DIRECTIONS FOR THIS TASK -> The lines running from the one that contains "广西地道中药材 500g 老品油性足 野生老松节松明 油松节 松节 - 爱购" to the end of the records below are what to reproduce, exactly and without pictures.

RECORDED DATA ->
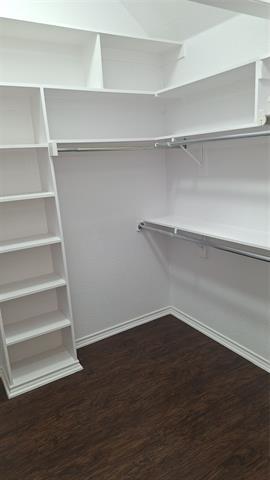 Building Photo - 8241 Mura Dr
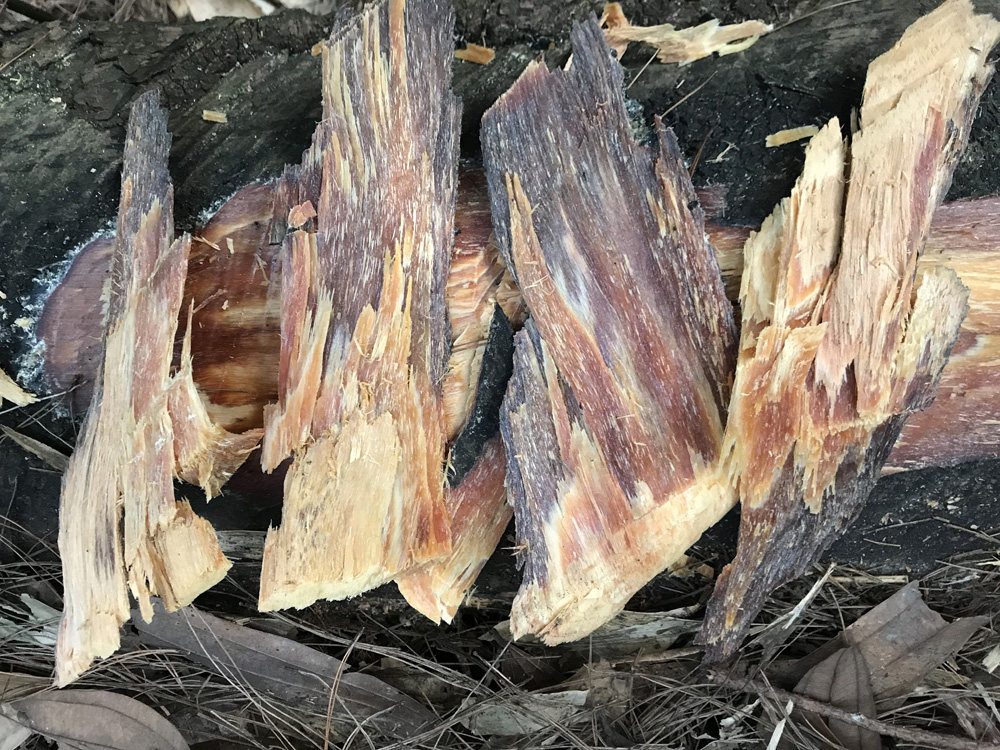 广西地道中药材 500g 老品油性足 野生老松节松明 油松节 松节 - 爱购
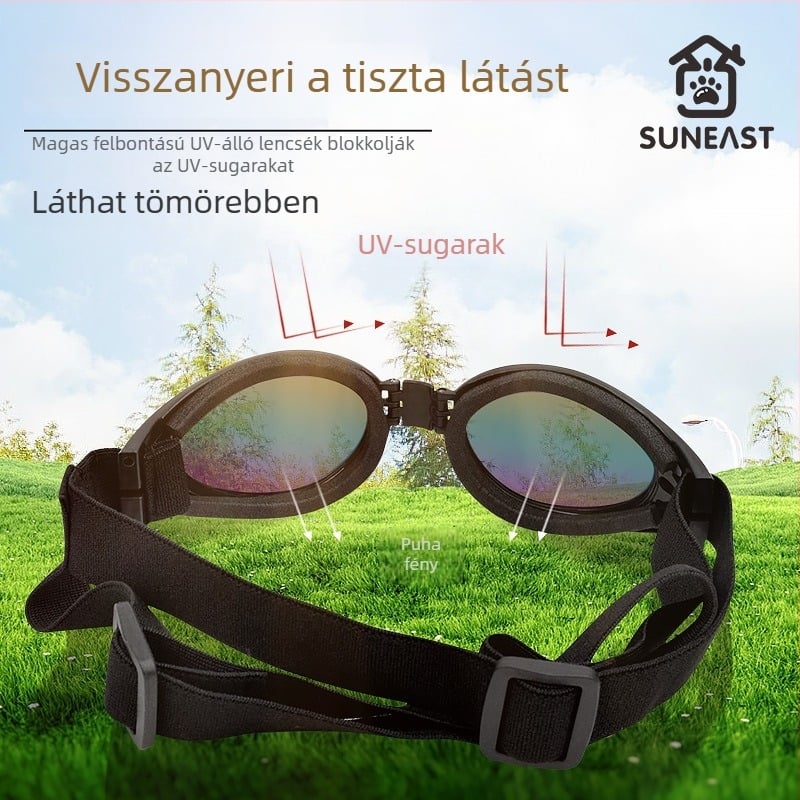 Kutyák számára készült szemüveg – szélvédett háziállat szemüveg; Anyag: Egyéb; Alkalmazható: Általános célú; Importált: Nem; IP engedély: Nem
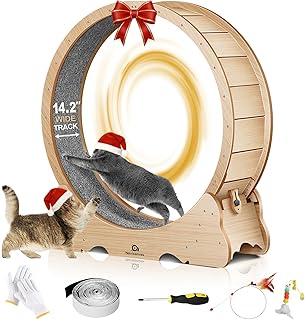 Hamster Wheel For Dogs Picks collage image 2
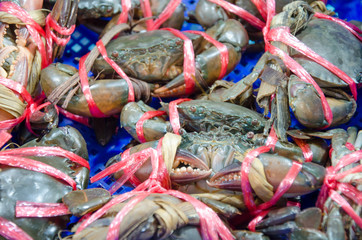 Mud crab with ice and blue basket in thai market
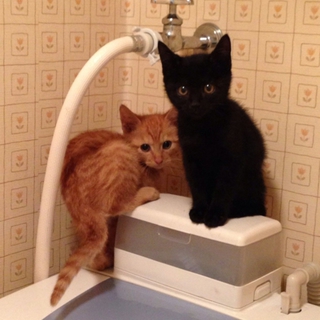 二匹の兄弟猫の里親を募集します！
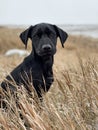 Pretty alert young black dog in amongst wild grass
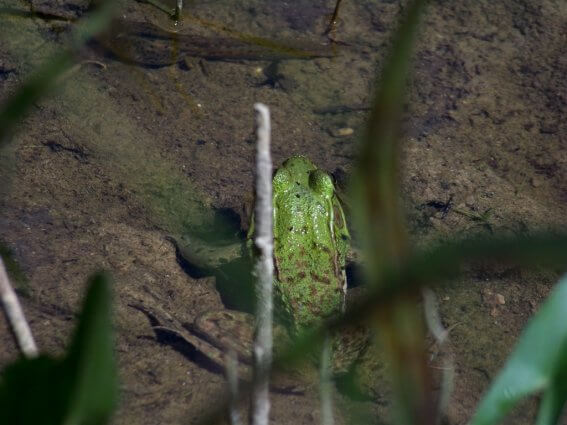 Photo of a frog in the wetlands of Mackinaw Mill Creek Camping in Mackinaw City, MI. © 2016 Frank Rogala.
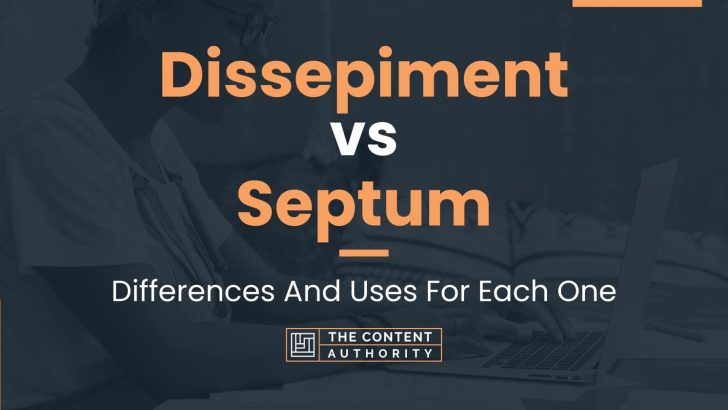 Dissepiment vs Septum: Differences And Uses For Each One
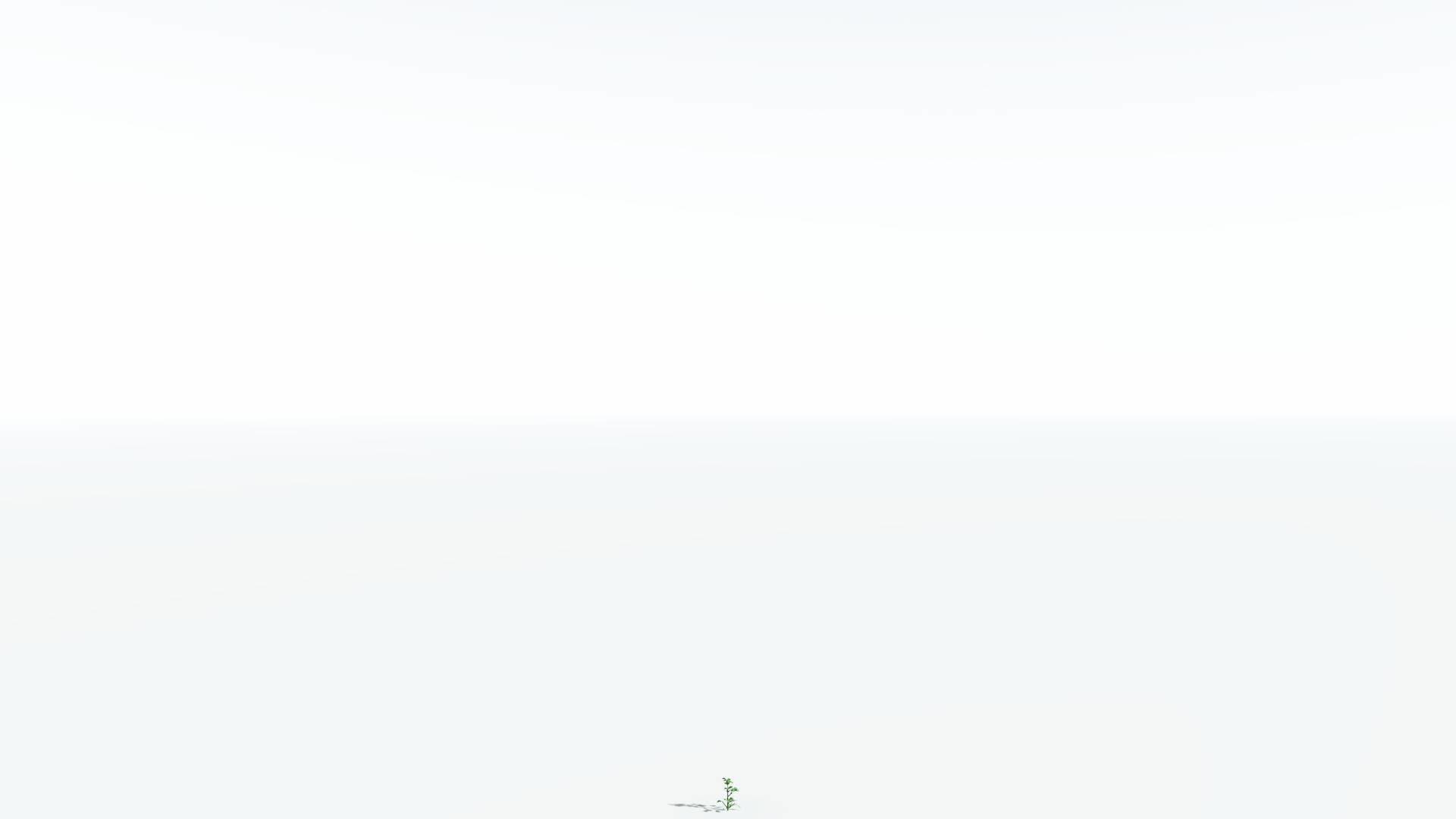 EVERYPlant Breadnut 3 --12 Models-- 3D model_22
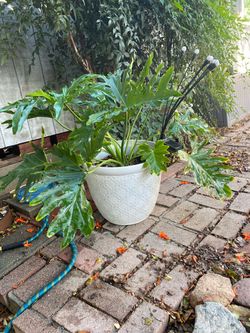 Shade please - Outdoor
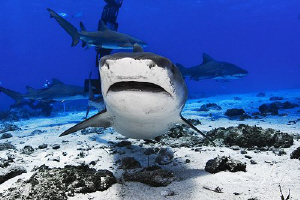 Emma up close and personal ..... She sure loves attention! by Steven Anderson 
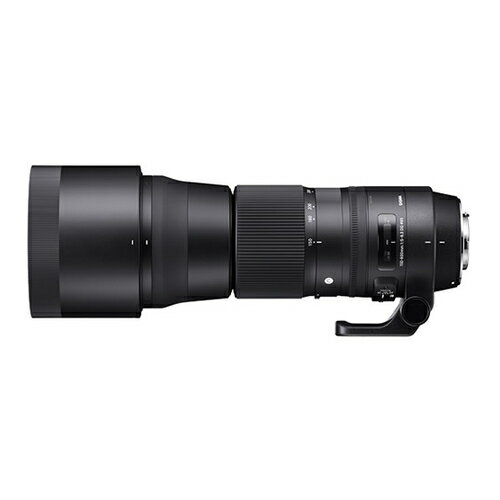 （レビューでレンズキャッププレゼント）シグマ 150-600mm F5-6.3 DG OS HSM（C） ニコンマウント用（みつはぴ）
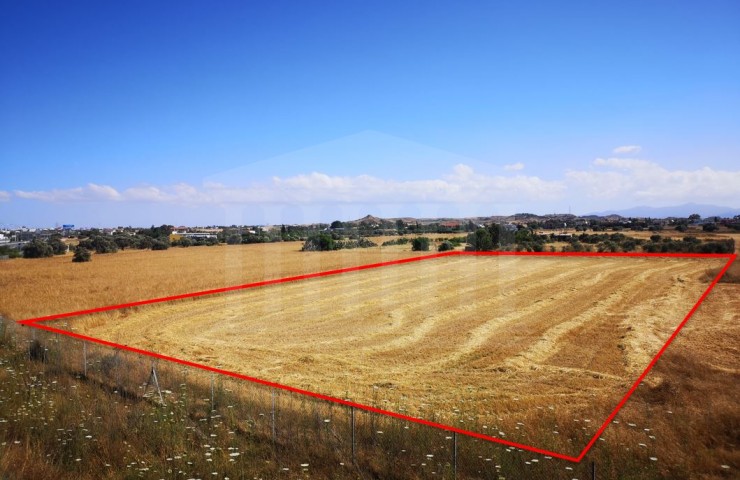 Special Zone field, Latsia, Nicosia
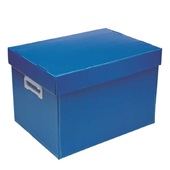 Caixa Organizadora Polionda Grande Azul 022039 1 UN Polibras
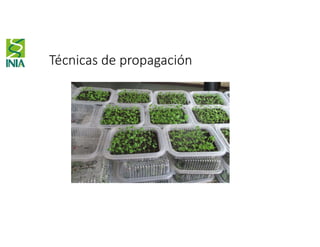 Técnicas de propagación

REPLY TO THE TASK ->
 广西地道中药材 500g 老品油性足 野生老松节松明 油松节 松节 - 爱购
 Kutyák számára készült szemüveg – szélvédett háziállat szemüveg; Anyag: Egyéb; Alkalmazható: Általános célú; Importált: Nem; IP engedély: Nem
 Hamster Wheel For Dogs Picks collage image 2
 Mud crab with ice and blue basket in thai market
 二匹の兄弟猫の里親を募集します！
 Pretty alert young black dog in amongst wild grass
 Photo of a frog in the wetlands of Mackinaw Mill Creek Camping in Mackinaw City, MI. © 2016 Frank Rogala.
 Dissepiment vs Septum: Differences And Uses For Each One
 EVERYPlant Breadnut 3 --12 Models-- 3D model_22
 Shade please - Outdoor
 Emma up close and personal ..... She sure loves attention! by Steven Anderson 
 （レビューでレンズキャッププレゼント）シグマ 150-600mm F5-6.3 DG OS HSM（C） ニコンマウント用（みつはぴ）
 Special Zone field, Latsia, Nicosia
 Caixa Organizadora Polionda Grande Azul 022039 1 UN Polibras
 Técnicas de propagación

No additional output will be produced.